800 personnes devant la préfecture du Gard
Plus de 800 personnes ont manifesté vendredi 20 Août en début d'après midi devant la préfecture du Gard, à Nîmes contre l'exploration des gaz de schistes dans le bassin d'Alès.
Si les chiffres varient (un millier selon les organisateurs, 750 selon la police) la vidéo reste le maître mot …

La raison ?
La remise d'un rapport d'expertise indépendant commandé par le ministère de l'écologie. Controversé par les maires et les députés locaux, ce rapport conclut qu'une campagne d'exploration est nécessaire pour approfondir une meilleure connaissance géologique de secteur du Bassin d'Alès, qui recèle « des hydrocarbures de type huile lourde riche pouvant être exploités sans recours à la fracturation hydraulique ».

manifestationRéunion animée
Lors d'une réunion animée par le Préfet Hugues Bousiges, ce rapport d'expertise a été présenté par son auteur, le professeur de géologie Jean Paul Deroin, en présence de Fabrice Verdier, député du Gard, de Sabine Buis, député de l'Ardèche, de deux membres de la société Mouv'Oil et des maires Ardèchois et Gardois des communes * concernées par ce permis de recherche.
 
Environnement
L'expert revèle dans son rapport que " la campagne sismique projetée par la société Mouv'Oil est nécessaire à une meilleure connaissance géologique du bassin d'Alès et que la technique employée par cette compagnie, d'acquisition de données, par camion vibreur, ne présente aucun danger pour l'environnement.

Les expertises réalisées par les collectifs et les experts locaux ont visiblement été écartées du rapport final dixit l'hydro-géologue Joël Jolivet, maire de Tharaux (gard). Bagarre d'experts … le préfet compte les points et ne bouge pas.

Devant nos caméras, Max Bordenave, vice-président de l'exploration de Mouv'Oil, a confirmé devant des confrères journalistes " Nous ne cherchons pas du gaz de schiste ", terminant cette série de questions en ajoutant " La manifestation que vous avez dans la rue, ne nous concerne absolument pas ".

Rixes et bagarres aux portes de la préfecture
Des échauffourées entre des manifestants et de policiers de la B.A.C (Brigade Anti Criminalité) ont eut lieu pendant cette réunion.
Le préfet, les députés et les maires ont entendu de la salle de réunion, les clameurs de la bagarre provenant de la rue Bernard Aton.
Les forces de l'ordre de la préfecture sont venues prêter main forte à leurs collègues de la B.A.C qui tentaient d'arrêter un manifestant soupconné d'avoir tagué des boites aux lettres. Si certains ont tenté de calmer le jeu de part et d'autre, comme Jean-Louis Chopy, le porte parole du collectif Ardèchois, les policiers n'en n'ont pas tenu compte et repoussant à la main au début les manifestants, puis ont sorti leurs matraques télescopiques, frappant à la fin sans ménagement toute personne voulant s'interposer.

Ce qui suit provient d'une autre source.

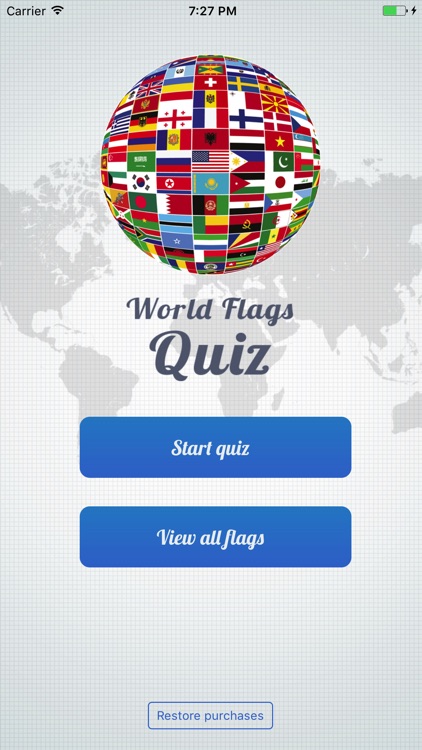 World Flags Quiz for iOS and Android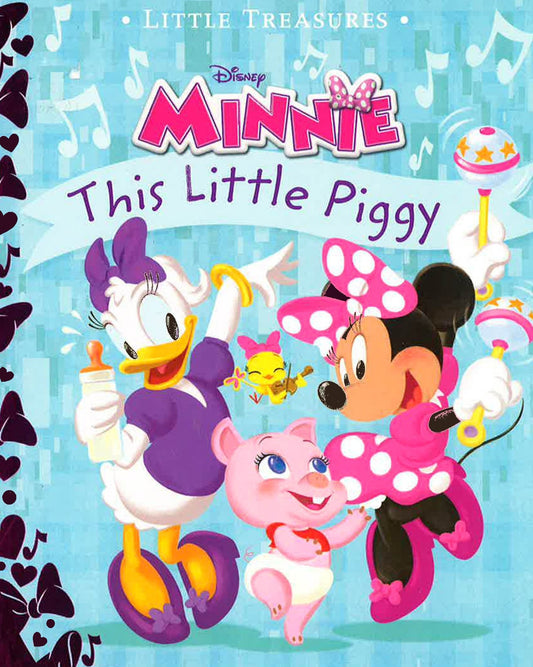 Little Treasures: Disney Minnie This Little Piggy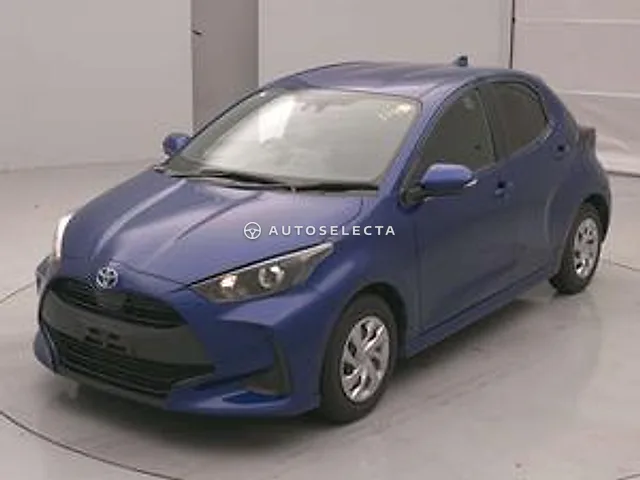 Toyota Yaris 2022, auction grade 4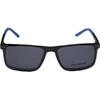Rame ochelari de vedere barbati Polarizen CLIP-ON FBD05-07 C.01R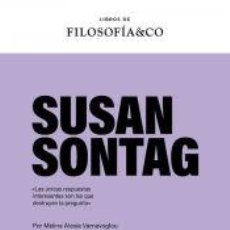 Libros: SUSAN SONTAG - MELINA ALEXIA VARNAVOGLOU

Si la préfecture du Gard déplorait dans la soirée, dans un communiqué de presse, que quatre de leurs fonctionnaires de police et un gendarme avaient été blessés, rien n'indique en revanche dans l'autre camp, la violence des coups de matraques en plein visage, sur les têtes, ou sur les mains et avant bras sanguinolants que les manifestants présents ont reçu. Les images du documentaire prouvant la véracité de nos écrits.

Suite à cette arrestation, la voiture de la B.A.C a subi des dégradations, deux pneux dégonflés (non crevés) et un capot moteur rayé.
Plusieurs maires restés au dehors sont venu calmer les manifestants en précisant que cela restait avant tout un combat pacifique.

Il est clair qu'il ne faut plus grand chose au début de l'automne pour que commence à l'orée des bois, une guérilla contre les pétroliers, au sein de notre garrigue et dans les creux de nos vallons cévenols.

Si les camions vibreurs viennent … ce sera le début d'un autre combat, celui du pot de terre contre le pot de fer.

A cela, les parlementaires Sabine Buis et Fabrice Verdier ont apporté la réponse du ministre … Messieurs les pétroliers … on ne bouge pas !  (Pour le moment …  !)

Quid Tempus


* Villages concernés (dans un premier temps)
Allègre, Barjac, Bessas, Beaulieu, Potelières, St André, St Denis, St Jean, St Privat, St Sauveur, St Victor, Rivières, Rochegude, Tharaux et Vagnas.